JSON Minifier & Formatter
Free online JSON minifier and formatter. Minify JSON to shrink payloads or beautify (pretty-print) JSON with 2-space indentation. Validates as you go — no upload required.
About This Tool
Minify or beautify JSON instantly in your browser. Paste raw JSON to compress it into a single line for smaller API payloads, or format (pretty-print) it with clean 2-space indentation for easy reading and debugging. Invalid JSON is flagged with a clear error message so you can fix it fast. Everything runs client-side — your data never leaves your device.
How to Use
- Paste or type your JSON into the input box.
- Choose Minify to compress it or Format to beautify with indentation.
- Review the result — invalid JSON shows a clear error explaining the problem.
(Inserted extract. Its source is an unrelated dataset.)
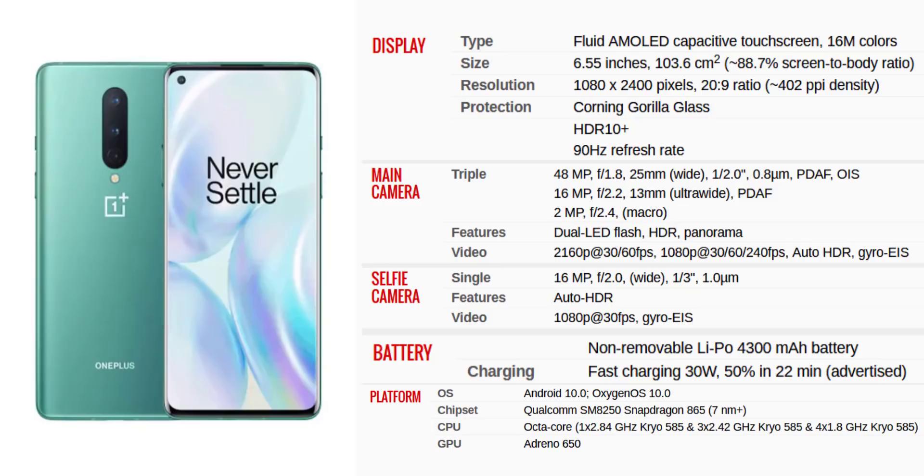Android 10 is out of the box. It has a 4,300mAh battery with 30W charging. It supports wireless charging and reverse wireless charging. The device has IP68 rating and a 90Hz refresh rate with HDR10 Plus and Full HD Plus display.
- Click Copy to grab the minified or formatted JSON for your project.
Examples
Minify JSON
{ "name": "Ada", "active": true } becomes {"name":"Ada","active":true} — smaller and ready for API requests.
Format (beautify) JSON
A one-line {"id":1,"tags":["a","b"]} is expanded into clean, indented, multi-line JSON that is easy to scan.
Read the full guide
How to Use JSON Minifier & Formatter: Complete Guide (2026) — 5 min read
Frequently Asked Questions
- What is the difference between minifying and formatting JSON?
- Minifying removes all unnecessary whitespace and line breaks so the JSON fits on a single line — this reduces file size and is ideal for API responses and storage. Formatting (also called beautifying or pretty-printing) adds indentation and line breaks so the JSON is easy for humans to read and debug. Both produce identical data; only the spacing differs.
- Does this tool validate my JSON?
- Yes. Both Minify and Format parse your input first, so if the JSON is invalid you get a clear error message describing the problem (such as an unexpected token or missing bracket). Valid JSON is required for either operation to succeed.
- Is my JSON sent to a server?
- No. All minifying and formatting happens entirely in your browser using the built-in JSON parser. Your data never leaves your device, which makes the tool safe for sensitive configuration files and API payloads.
- What indentation does the formatter use?
- The formatter pretty-prints JSON with 2-space indentation, which is the most common convention for config files, package.json, and API documentation. The structure is consistent and ready to paste into your editor.
- Why should I minify JSON for APIs?
- Minified JSON removes whitespace, so payloads are smaller and transfer faster over the network — meaningful at scale for REST APIs, mobile apps, and high-traffic endpoints. Use formatted JSON while developing and debugging, then minify for production traffic.